Title: Learning Systems in Adaptive Environments. Theory, Algorithms and Design


Recent years have seen great successes in the development of learning algorithms in static predictive and generative tasks, where the objective is to learn a model that performs well on a single test deployment and in applications with abundant data. Comparatively less success has been achieved in designing algorithms for deployment in adaptive scenarios where the data distribution may be influenced by the choices of the algorithm itself, the algorithm needs to adaptively learn from human feedback, or the nature of the environment is rapidly changing. These are some of the most important challenges in the development of ML driven solutions for technologies such as interactive web systems, ML driven scientific experimentation, and robotics. To fully realize the potential of these technologies we will necessitate better ways of identifying problem domains and designing algorithms for adaptive learning.

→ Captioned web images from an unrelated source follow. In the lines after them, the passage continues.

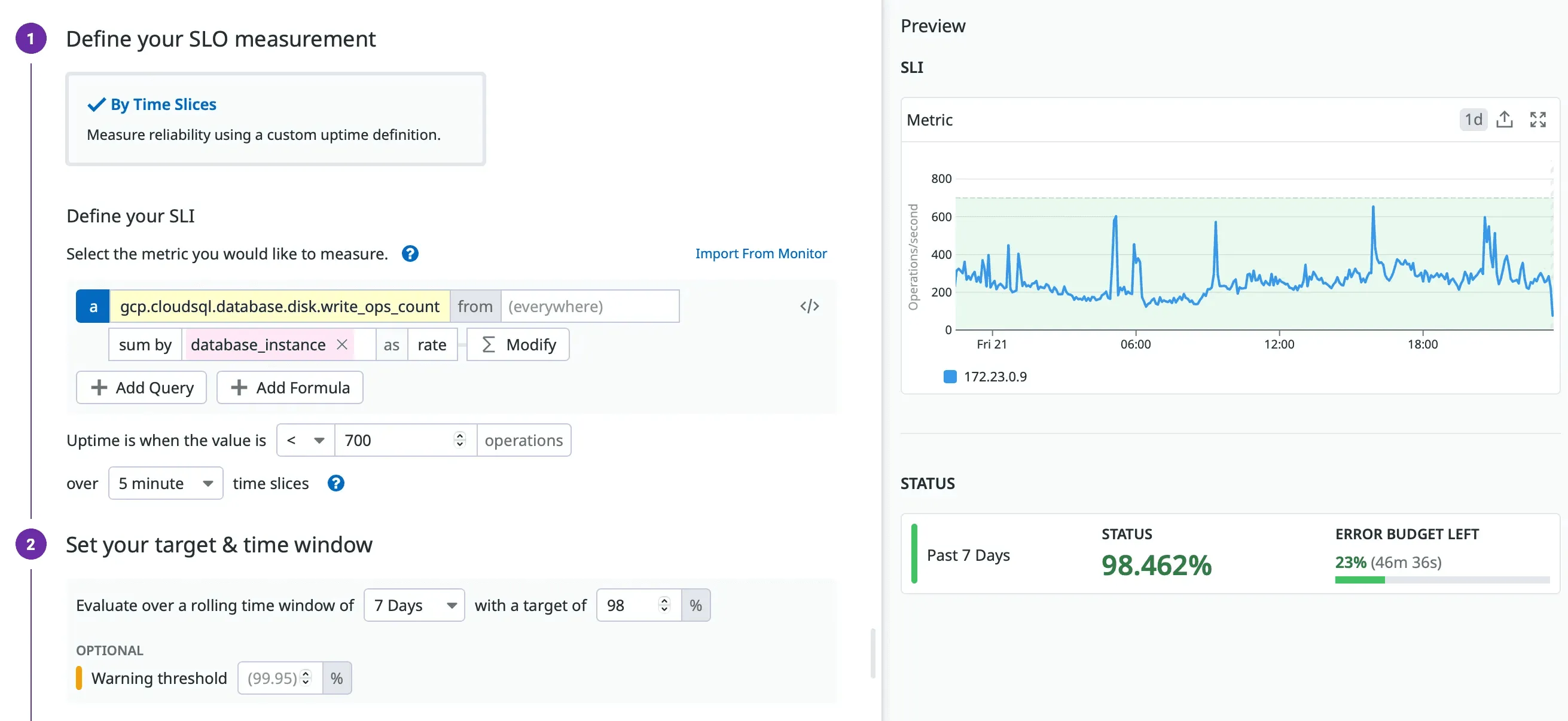 Datadog SLO creation page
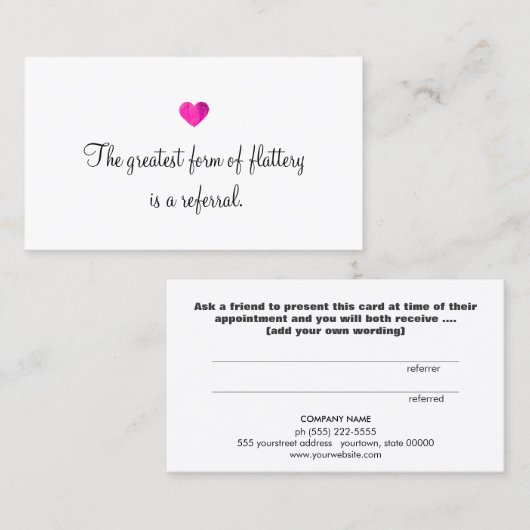 Référencement Carte de recommandation client Cute Faux Pink Foil (Devant / Derrière)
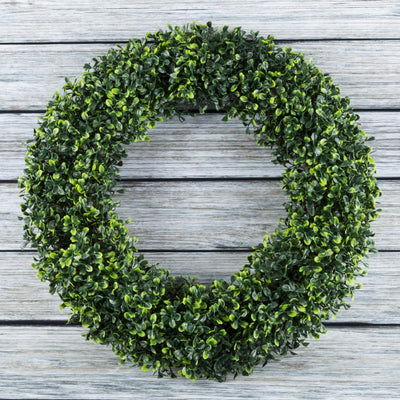 Pure Garden 19.5" Artificial Boxwood Wreath – Lush Greenery for Indoor & Outdoor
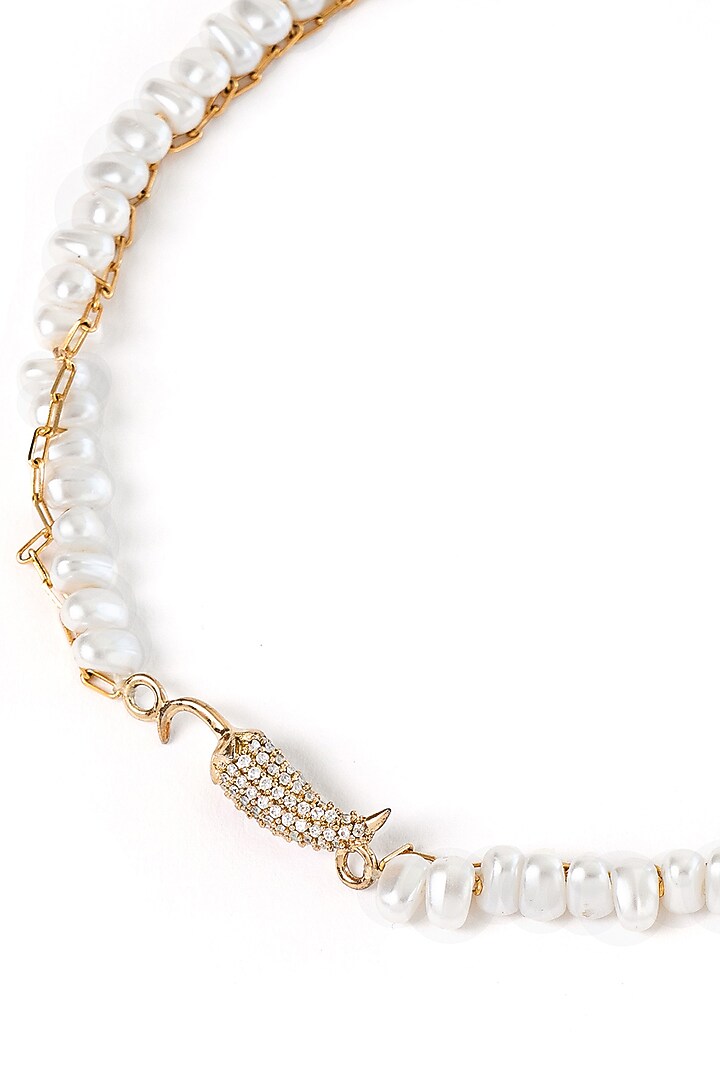 Gold Plated Cubic Zirconia & Faux Pearl Choker Necklace by AMAMA at Pernia's Pop Up Shop
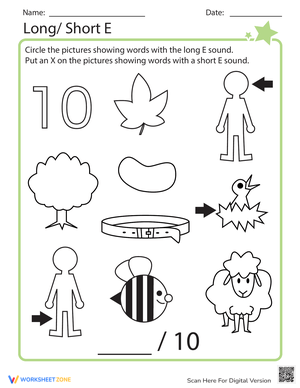 Long and Short E Sounds Worksheet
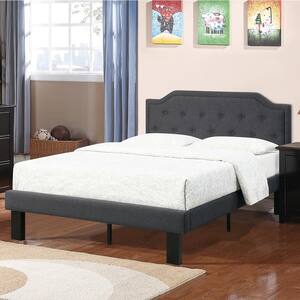 Charcoal Gray Polyfiber Upholstered Full Size Bed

To achieve this, in this talk I propose adopting a systems view of adaptive learning mechanisms along with the following algorithm design considerations 1) development of sample efficient and tractable algorithms, 2) generalization to unseen domains via effective knowledge transfer and 3) human centric decision making. I will give an overview of my work along each of these axes and introduce a variety of open problems and research directions inspired by this conceptual framing.


Aldo is a Postdoctoral Researcher at Microsoft Research NYC. He obtained his PhD at UC Berkeley where he was advised by Peter Bartlett and Michael Jordan. His research lies in the areas of Reinforcement Learning, Online Learning, Bandits and Algorithmic Fairness. He is particularly interested in furthering our statistical understanding of learning phenomena in adaptive environments and use these theoretical insights and techniques to design efficient and safe algorithms for scientific, engineering, and large-scale societal applications.